FilesDaf on-disk format

This article specifies the on-disk format of a FilesDaf store in enough detail that a third-party implementation can read and write stores produced by any conforming implementation (currently dafr and DataAxesFormats.jl). It is a reference, not a tutorial — see Getting started for introductory material.

Line citations of the form files_format.jl:LN refer to the reference Julia implementation (DataAxesFormats.jl/src/files_format.jl).

1. Overview

A FilesDaf is a directory-based storage format for the Daf data model. The directory tree holds scalars, axes, vectors, and matrices as individual files, each in a self-describing, trivially machine-readable form. Because every property lives in its own file, standard OS tools (ls, wc, od, make) can inspect and manipulate the data without any special library. The trade-off is that the store is a directory rather than a single archive; shipping it requires zip, tar, or similar.

All binary data is stored as a contiguous sequence of fixed-size elements in little-endian byte order with no headers or alignment padding (files_format.jl:111–113). String data is stored one entry per line, terminated with \n regardless of the host OS (files_format.jl:115–117). Dense matrices are stored in column-major (Fortran / Julia-native) layout (files_format.jl:57–58, files_format.jl:111–113).

2. Directory layout

A valid FilesDaf root directory contains exactly the following structure (files_format.jl:18–19, files_format.jl:222–226):

<root>/
├── daf.json                    # required — format sentinel and version
├── scalars/                    # required — scalar properties
├── axes/                       # required — axis entry lists
├── vectors/                    # required — per-axis vector properties
└── matrices/                   # required — per-axis-pair matrix properties

All four subdirectories are created unconditionally when the store is initialised (files_format.jl:222–226). A directory that lacks daf.json is rejected as “not a daf directory” (files_format.jl:230–231).

Unknown files or subdirectories in the root or any subdirectory are silently ignored by the reader; discovery is by suffix (.json for scalars and property descriptors, .txt for axes), so unrecognised files cause no error (files_format.jl:959–972).

3. `daf.json` schema

daf.json is a UTF-8 JSON object with a single required field:

Field	Type	Required	Description
`version`	`[integer, integer]`	Yes	`[major, minor]` format version numbers

The only defined version is [1, 0] (files_format.jl:25, MAJOR_VERSION = 1, MINOR_VERSION = 0, files_format.jl:155–165).

Compatibility rule (files_format.jl:239–245): a reader must reject a store whose major version differs from the one it knows (1), and must reject a store whose minor version is greater than the maximum it supports (0).

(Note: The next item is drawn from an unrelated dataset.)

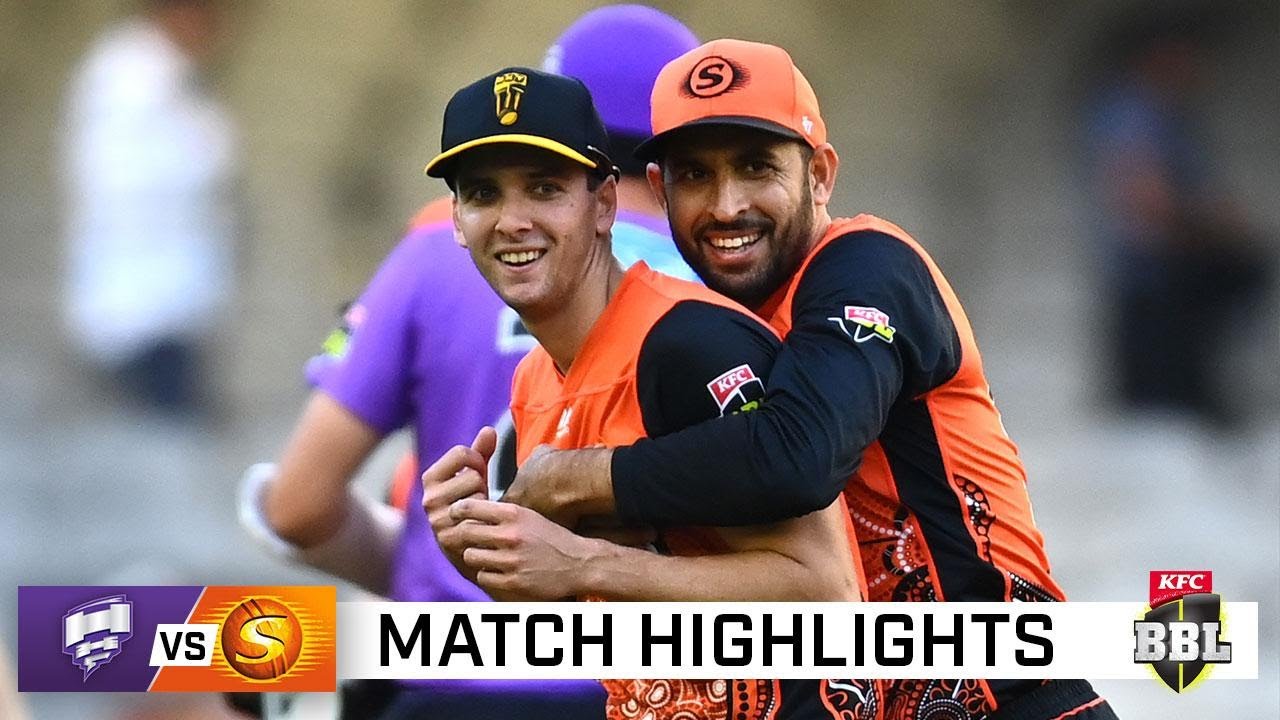 All-round Richardson the star as Scorchers down Canes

A reader may open stores with a lower minor version than its maximum.

Example:

{"version":[1,0]}

(Written with a trailing \n by the Julia implementation — files_format.jl:220 — but the newline is not semantically significant for a JSON parser.)

No other top-level keys are defined in version [1,0]. Unknown keys should be tolerated by readers (standard JSON forward-compatibility practice), but this is not explicitly enforced by the reference implementation.

4. Scalar encoding

Each scalar property is stored as a single JSON file:

scalars/<name>.json

The JSON object has two required fields (files_format.jl:28–29, files_format.jl:272–288, files_format.jl:303–319):

Field	Type	Description
`type`	string	Canonical type name of the value (see table below)
`value`	varies	The scalar value, encoded as a JSON scalar

Canonical type strings — the writer-canonical names, as produced by Julia’s "$(type)":

Julia / canonical type	Written
`Bool`	`"Bool"`
`Int8` – `Int64`	`"Int8"` … `"Int64"`
`UInt8` – `UInt64`	`"UInt8"` … `"UInt64"`
`Float32`	`"Float32"`
`Float64`	`"Float64"`
`String`	`"String"`

Reading is case-insensitive for known aliases. The reader at files_format.jl:309 accepts both "String" and "string", and the DTYPE_BY_NAME dispatch table (operations.jl:216–242) maps both capitalised ("Float32", "Int32", …) and lowercase ("float32", "int32", …) variants to the same type. Conforming readers must accept both casings.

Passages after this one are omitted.